§ Data under study
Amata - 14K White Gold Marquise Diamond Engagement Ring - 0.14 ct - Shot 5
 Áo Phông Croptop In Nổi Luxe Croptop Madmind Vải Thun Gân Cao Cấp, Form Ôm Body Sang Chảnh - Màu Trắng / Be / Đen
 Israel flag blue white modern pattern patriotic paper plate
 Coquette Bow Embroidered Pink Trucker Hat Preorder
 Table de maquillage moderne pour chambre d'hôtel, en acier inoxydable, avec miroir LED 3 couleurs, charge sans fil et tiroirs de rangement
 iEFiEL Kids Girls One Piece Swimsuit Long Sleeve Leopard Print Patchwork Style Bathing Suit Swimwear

§ Assigned task
All the lines above must be output exactly, with none omitted.

§ Answer section
Amata - 14K White Gold Marquise Diamond Engagement Ring - 0.14 ct - Shot 5
 Áo Phông Croptop In Nổi Luxe Croptop Madmind Vải Thun Gân Cao Cấp, Form Ôm Body Sang Chảnh - Màu Trắng / Be / Đen
 Israel flag blue white modern pattern patriotic paper plate
 Coquette Bow Embroidered Pink Trucker Hat Preorder
 Table de maquillage moderne pour chambre d'hôtel, en acier inoxydable, avec miroir LED 3 couleurs, charge sans fil et tiroirs de rangement
 iEFiEL Kids Girls One Piece Swimsuit Long Sleeve Leopard Print Patchwork Style Bathing Suit Swimwear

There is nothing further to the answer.